Using the Poisson cumulative distribution function:
\[ P(S \leq 10) = \sum_{k=0}^{10} e^{-8.4} \frac{8.4^k}{k!} \]
This is the sum of probabilities from 0 to 10 hits. Calculating this exactly requires summing 11 terms, which can be tedious by hand, but Poisson probabilities are well-tabulated or computable.
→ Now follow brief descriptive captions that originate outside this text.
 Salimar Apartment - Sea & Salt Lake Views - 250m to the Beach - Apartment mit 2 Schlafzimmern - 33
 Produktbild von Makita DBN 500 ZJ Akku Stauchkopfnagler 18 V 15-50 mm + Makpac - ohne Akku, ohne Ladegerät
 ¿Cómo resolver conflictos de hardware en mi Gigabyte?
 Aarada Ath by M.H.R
Using a calculator or statistical software for \( \text{Poisson}(8.4) \):
\( P(S \leq 10) \approx 0.7673 \) (rounded to 4 decimal places).
This makes sense intuitively: the mean is 8.4, so 10 is slightly above the mean, and we expect a significant portion of the distribution to lie at or below 10.
Part (a)(ii): Probability of hitting more than 10 spaceships and battleships total in one minute
Let \( X \) be the number of spaceships hit in 1 minute, \( X \sim \text{Poisson}(4.2) \), and \( Y \) be the number of battleships hit in 1 minute, \( Y \sim \text{Poisson}(2.3) \). Since hits are independent, the total number of hits \( Z = X + Y \) is the sum of two independent Poisson variables. The sum of independent Poisson random variables is also Poisson, with the mean being the sum of the individual means:
Mean of \( Z = X + Y = 4.2 + 2.3 = 6.5 \).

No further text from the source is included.